Uno de los regalos invaluables que nos trajo la cuarentena estricta en aquellos primeros días fue el silencio. No entendido como la abstención de hablar, sino como ausencia del ruido, que suele ser perturbador y molesto.
Pero vivir sin carros, sin motos, sin bocinas y sin carretas con megáfono fue un sueño del que tuvimos que despertar, obligados por la reactivación económica, tan necesaria para la sociedad.

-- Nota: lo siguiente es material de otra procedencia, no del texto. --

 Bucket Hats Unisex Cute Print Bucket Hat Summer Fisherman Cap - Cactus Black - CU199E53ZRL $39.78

Y si a muchos nos parece que la contaminación auditiva propia de una ciudad en constante movimiento es insoportable, los invito a ponerse en los zapatos de los que están obligados a aguantarse la algarabía estridente de quince o veinte negocios de rumba en una misma cuadra. “¿Quince o veinte? ¡Dejá de ser tan exagerada, Elbacé!”. Pues sí, hay sectores de Medellín donde así ocurre.

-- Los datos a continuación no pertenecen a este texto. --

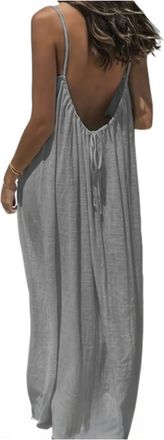 Generic Womens Solid Color Backless Dress Summer Open Back Spaghetti Strap Maxi Dresses Casual Flowy Dress Gray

Son víctimas permanentes de la anarquía de la rumba algunos sectores de El Poblado, San Juan, Laureles, San Diego, Ciudad del Río y la 33. Y cabe cualquier otro barrio donde pusieron una cantina o una discoteca que se tiró en la que antes era una cuadra tranquila de un barrio residencial cualquiera. Además del ruido insufrible, las calles se llenan de inseguridad, microtráfico y consumo de drogas, turismo sexual, invasión del espacio público, inmensos basureros y, de propina, malolientes sanitarios en vía pública.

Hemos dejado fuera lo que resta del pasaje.